__Records to use__:
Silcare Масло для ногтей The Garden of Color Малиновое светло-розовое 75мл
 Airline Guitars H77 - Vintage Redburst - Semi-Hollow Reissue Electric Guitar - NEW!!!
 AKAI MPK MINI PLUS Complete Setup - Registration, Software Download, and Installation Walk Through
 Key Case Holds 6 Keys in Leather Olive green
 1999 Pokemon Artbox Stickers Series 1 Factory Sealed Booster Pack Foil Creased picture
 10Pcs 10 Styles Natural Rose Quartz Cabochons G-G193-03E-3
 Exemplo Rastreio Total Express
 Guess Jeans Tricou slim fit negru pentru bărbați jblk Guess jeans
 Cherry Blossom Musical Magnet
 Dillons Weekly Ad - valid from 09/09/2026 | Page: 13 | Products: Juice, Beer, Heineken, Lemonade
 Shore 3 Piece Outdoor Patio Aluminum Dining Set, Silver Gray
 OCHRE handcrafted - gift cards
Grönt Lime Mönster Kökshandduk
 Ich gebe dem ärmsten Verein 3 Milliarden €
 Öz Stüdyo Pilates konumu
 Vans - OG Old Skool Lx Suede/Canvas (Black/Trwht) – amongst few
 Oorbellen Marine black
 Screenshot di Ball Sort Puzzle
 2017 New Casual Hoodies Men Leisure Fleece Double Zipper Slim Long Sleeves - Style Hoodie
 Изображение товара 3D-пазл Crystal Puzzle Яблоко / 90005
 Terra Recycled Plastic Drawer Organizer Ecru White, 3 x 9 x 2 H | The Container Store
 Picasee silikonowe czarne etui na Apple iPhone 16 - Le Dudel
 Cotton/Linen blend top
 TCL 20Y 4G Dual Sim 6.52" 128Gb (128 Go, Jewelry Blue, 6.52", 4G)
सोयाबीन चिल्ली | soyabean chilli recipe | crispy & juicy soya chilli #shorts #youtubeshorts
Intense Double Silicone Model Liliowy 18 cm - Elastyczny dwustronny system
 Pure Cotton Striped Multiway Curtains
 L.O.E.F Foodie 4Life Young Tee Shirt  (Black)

__Task prompt__: Where a line in the material above holds "Cotton", copy that line.

__Output for this exercise__:
 Cotton/Linen blend top
 Pure Cotton Striped Multiway Curtains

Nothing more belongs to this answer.